┌──

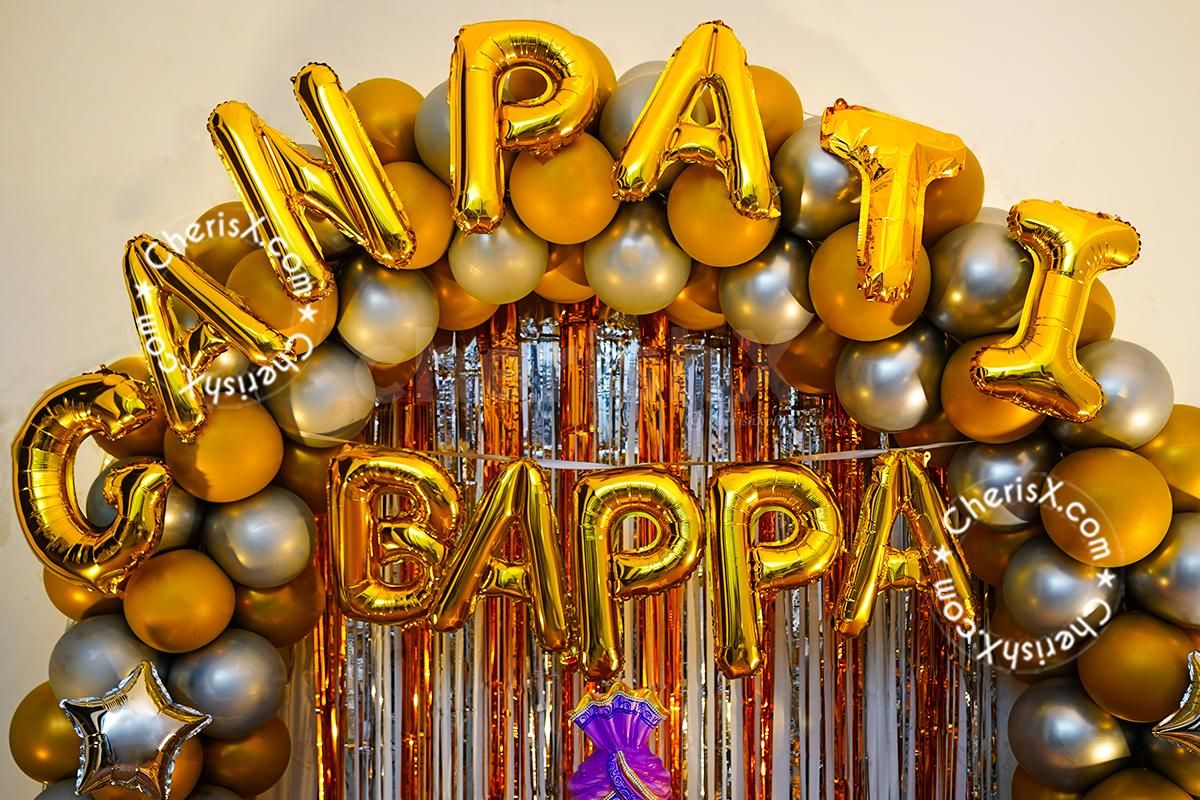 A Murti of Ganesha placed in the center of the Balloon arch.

└──
┌──

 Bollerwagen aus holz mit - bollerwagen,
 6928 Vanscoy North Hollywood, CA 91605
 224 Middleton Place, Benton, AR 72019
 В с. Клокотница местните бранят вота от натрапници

└──

## [Exercise prompt]
Write out exactly the lines above between the line with "Bollerwagen aus holz" and the line with "В с. Клокотница", inclusive, and nothing beyond them.

## [Exercise output]
 Bollerwagen aus holz mit - bollerwagen,
 6928 Vanscoy North Hollywood, CA 91605
 224 Middleton Place, Benton, AR 72019
 В с. Клокотница местните бранят вота от натрапници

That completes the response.